Glass alabastron (perfume bottle)
Greek, Eastern Mediterranean or Italian
Translucent cobalt blue, with handles in same color; trails in opaque yellow, opaque white, and opaque turquoise blue.
Broad slightly uneven rim-disk, with a few radiating tooling marks on upper surface; cylindrical neck, expanding downwards; narrow shoulder; straight-sided cylindrical body, with slight upward taper; convex bottom; on upper body, two small vertical ring handles, unpierced, with short pointed trails, applied over trail pattern; on one side, irregular projections at top and bottom of bottom.
A yellow trail attached at lower edge of rim-disk; on body, alternating bands of yellow, white, and opaque turquoise blue, tooled from top of body to undercurve at bottom into a regular feather pattern in six vertical panels with alternating upward and downward strokes.

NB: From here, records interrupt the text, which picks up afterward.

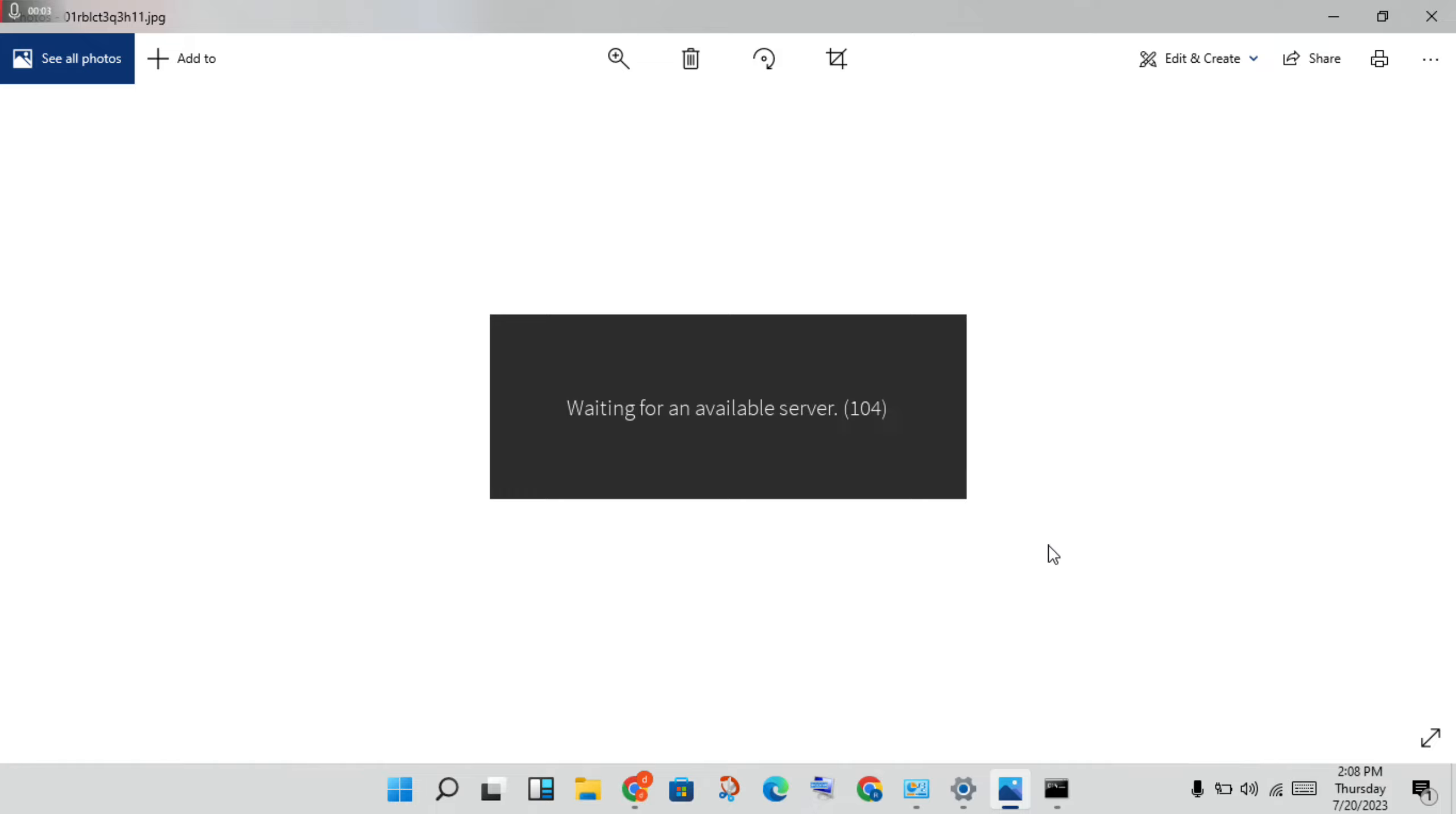Hello guys, welcome to my channel. How to fix Roblox waiting for available server. This is the notification for the problem. Let me show you step by step how to solve this problem.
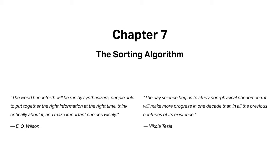The day science begins to study non-physical phenomenon, it will make more progress in one decade than all the previous centuries of its existence. Nikola Tesla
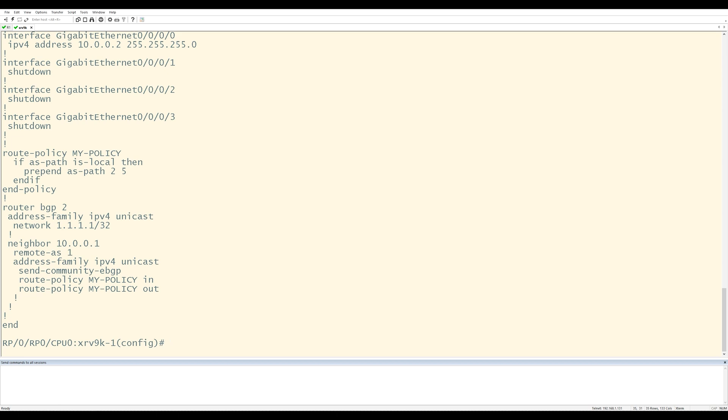So if you edit the route policy with one piece of config, for example, it's going to override everything. Let me put the original configuration back and show you a better way how to edit route policies.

Broken and repaired around middle of body, with one small hole and several chips, and another oval hole at bottom of body below projection; large white inclusion in rim-disk; slight dulling and pitting, and faint iridescent weathering.
Among the more striking examples of glass perfume vessels of the fourth century B.C. are tall, large-bodied alabastra in dark grounds with applied threads combed into zigzag, feather, or festoon patterns over the body.